ストーリー
主人公は、妻子ある典型的な中間管理職。不倫なんてとんでもないと思っていたのに、ある日、会社にやってきた独身の派遣社員と恋に落ちる。しかし、その恋の相手は、過去に大きな闇を抱えていた。高校生の頃、父親の不倫相手を殺してしまったという疑いを持たれていた。恋に落ちた主人公は、心揺れながらも不倫相手の無実を信じ続けるのだが……。
書評
一夫一婦制を敷いている国ならば、不倫は永遠のテーマで、様々な小説が書き上げられている。もちろんミステリー小説にもありふれたものだ。それがもとで殺人事件が起きることは、小説の世界なら日常茶飯事。現実の世界でもよくあることで珍しくない。だからこそ小説の世界に簡単に入り込めるような気がする。自分がどの登場人物に近いかでストーリーの見え方も大きく変わってくるのではないだろう。

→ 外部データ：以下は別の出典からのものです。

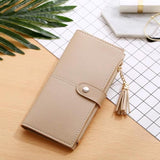 TD® Portefeuille femmes Simple Long Gland Porte-Monnaie Porte-Cartes Sac à Main / Beige Sacoche/ Franges/ Pratique Esthétique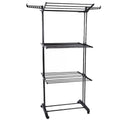 Foldable Plastic Clothes Drying Rack Laundry 4-Tier, Moveable Clothes Horse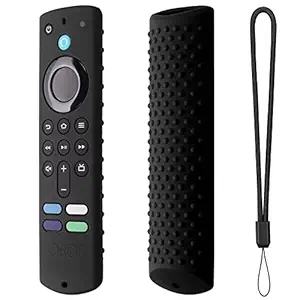 Dealfreez Case Compatible with Fire TV Stick 3rd Gen 2021 Full Wrap Silicone Remote Cover Anti-Lost with Loop (D-Black)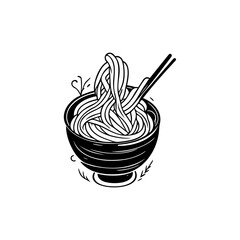 Minimalist noodle bowl illustration with chopsticks and plant flourishes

子供をも捨てて新しい恋に走ったことがある人も、あるいは、不幸な結末を迎えてしまった人も、はたまた、不倫と決別した人も、「それは違うだろう」などと心で叫びながらも、それぞれに楽しめるのではないだろうか。禁断の恋は蜜の味であり、そんな恋の思い出は大きな余韻を残すもの。東野ミステリーらしい、読後の余韻が楽しめる一冊だと思う。
ヒロインが殺人者なのかどうか、この恋の行方とともに、中盤以降、事件の謎解きも十分に楽しめる。